Cluster analysis of the myriad parameters accessible on flight-data recorders could provide a valuable insight into operational performance, with a view to accident prevention, research from the Massachusetts Institute of Technology (MIT) indicates.
While flight operations monitoring can assess instantaneous values of variables, such as airspeed, or detect occasions when well-defined parameters exceed limits, MIT said underlying problems can remain obscured.
Flight-data recorders offer a rich set of information which could be better exploited, it added. MIT researchers have developed a cluster analysis tool which groups flights which have common patterns.
"Flight data outside the clusters are flagged as abnormal," the institute said, allowing the tool to detect unusual instances without the need to pre-define a specific area of interest.
"The beauty is that you don't have to know ahead of time what 'normal' is," MIT aeronautics professor John Hansman said.

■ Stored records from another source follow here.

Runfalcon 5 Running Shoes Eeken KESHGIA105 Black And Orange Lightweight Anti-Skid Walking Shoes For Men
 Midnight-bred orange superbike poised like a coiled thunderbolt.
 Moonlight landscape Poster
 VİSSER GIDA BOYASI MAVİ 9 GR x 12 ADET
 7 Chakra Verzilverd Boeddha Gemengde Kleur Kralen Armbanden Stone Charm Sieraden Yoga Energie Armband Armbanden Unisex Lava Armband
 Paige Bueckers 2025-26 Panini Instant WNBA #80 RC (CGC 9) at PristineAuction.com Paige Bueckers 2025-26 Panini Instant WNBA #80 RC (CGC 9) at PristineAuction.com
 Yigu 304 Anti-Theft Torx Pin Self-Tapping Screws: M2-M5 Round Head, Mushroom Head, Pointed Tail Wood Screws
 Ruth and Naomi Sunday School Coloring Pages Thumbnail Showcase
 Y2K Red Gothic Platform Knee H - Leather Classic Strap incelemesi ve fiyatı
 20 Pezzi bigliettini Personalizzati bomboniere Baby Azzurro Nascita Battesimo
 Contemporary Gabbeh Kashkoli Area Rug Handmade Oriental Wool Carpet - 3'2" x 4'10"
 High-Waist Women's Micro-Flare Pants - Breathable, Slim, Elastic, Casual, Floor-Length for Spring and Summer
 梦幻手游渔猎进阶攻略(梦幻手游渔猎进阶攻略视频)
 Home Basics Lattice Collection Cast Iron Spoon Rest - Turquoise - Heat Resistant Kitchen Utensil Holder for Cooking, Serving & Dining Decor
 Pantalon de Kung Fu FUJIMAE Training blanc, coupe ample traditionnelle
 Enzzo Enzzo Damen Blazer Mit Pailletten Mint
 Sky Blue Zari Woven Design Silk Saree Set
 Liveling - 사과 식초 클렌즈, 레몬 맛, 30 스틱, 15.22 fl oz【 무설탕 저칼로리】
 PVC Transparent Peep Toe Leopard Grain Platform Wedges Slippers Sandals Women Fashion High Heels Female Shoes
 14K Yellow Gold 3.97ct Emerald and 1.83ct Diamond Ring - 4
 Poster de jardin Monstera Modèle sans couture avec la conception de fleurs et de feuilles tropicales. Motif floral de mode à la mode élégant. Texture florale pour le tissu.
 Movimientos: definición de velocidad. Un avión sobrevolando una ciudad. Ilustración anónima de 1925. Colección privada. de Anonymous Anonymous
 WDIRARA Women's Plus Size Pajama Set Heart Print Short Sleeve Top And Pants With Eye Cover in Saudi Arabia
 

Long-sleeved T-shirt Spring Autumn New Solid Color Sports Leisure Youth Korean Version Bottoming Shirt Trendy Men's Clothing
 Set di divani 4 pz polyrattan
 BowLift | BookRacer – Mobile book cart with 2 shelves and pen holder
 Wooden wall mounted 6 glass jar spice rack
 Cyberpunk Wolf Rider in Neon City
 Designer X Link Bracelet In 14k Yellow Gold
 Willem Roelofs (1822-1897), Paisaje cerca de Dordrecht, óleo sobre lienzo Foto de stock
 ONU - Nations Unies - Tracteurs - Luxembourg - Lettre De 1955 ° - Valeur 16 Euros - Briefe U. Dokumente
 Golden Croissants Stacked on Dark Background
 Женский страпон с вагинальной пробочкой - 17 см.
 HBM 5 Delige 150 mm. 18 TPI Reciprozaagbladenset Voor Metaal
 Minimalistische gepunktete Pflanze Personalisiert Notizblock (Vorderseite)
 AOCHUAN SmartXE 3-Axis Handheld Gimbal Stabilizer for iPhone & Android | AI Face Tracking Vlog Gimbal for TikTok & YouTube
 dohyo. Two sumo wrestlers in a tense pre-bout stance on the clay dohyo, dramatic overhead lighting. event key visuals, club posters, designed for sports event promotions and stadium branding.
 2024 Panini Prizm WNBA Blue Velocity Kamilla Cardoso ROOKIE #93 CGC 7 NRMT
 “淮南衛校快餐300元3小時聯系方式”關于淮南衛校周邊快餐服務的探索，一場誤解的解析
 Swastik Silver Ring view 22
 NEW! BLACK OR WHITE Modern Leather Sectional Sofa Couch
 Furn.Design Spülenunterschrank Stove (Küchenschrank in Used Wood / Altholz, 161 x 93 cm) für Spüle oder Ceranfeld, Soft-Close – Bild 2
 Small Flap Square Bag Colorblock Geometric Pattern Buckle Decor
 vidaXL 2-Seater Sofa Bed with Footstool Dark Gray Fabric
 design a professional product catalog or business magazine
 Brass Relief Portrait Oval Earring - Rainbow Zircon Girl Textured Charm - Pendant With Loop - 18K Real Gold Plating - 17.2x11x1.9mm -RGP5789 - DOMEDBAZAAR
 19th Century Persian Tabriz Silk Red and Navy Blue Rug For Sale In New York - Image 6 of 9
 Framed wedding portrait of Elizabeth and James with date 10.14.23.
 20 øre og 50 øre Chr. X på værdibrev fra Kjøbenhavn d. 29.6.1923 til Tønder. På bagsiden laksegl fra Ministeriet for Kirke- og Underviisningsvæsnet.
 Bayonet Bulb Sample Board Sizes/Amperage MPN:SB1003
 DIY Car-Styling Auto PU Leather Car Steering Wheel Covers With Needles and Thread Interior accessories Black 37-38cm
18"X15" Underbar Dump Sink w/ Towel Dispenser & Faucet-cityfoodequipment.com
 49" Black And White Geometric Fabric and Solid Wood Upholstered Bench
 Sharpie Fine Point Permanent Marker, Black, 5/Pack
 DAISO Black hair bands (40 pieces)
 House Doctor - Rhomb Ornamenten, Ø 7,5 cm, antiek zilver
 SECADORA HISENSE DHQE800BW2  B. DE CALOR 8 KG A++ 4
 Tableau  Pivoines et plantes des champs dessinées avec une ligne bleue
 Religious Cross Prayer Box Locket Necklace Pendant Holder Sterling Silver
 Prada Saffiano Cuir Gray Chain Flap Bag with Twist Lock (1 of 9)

MIT's work involved examining a group of Boeing 777 flights into Abu Dhabi, to illustrate the principle, as well as studying 365 flights over a month operated by an undisclosed carrier, using 777s on various routes.
Take-off and landing data showed anomalies which were "due mostly to crew actions", said Hansman. One flight departed with much lower thrust, another had "erratic pitch behaviour", signalling difficult rotation, while a third was low on approach with an abnormally high flap setting.
MIT, which co-operated on the research with Madrid's Comillas Pontifical University, will present a paper on the technique to the DASC digital avionics conference in Seattle at the end of October.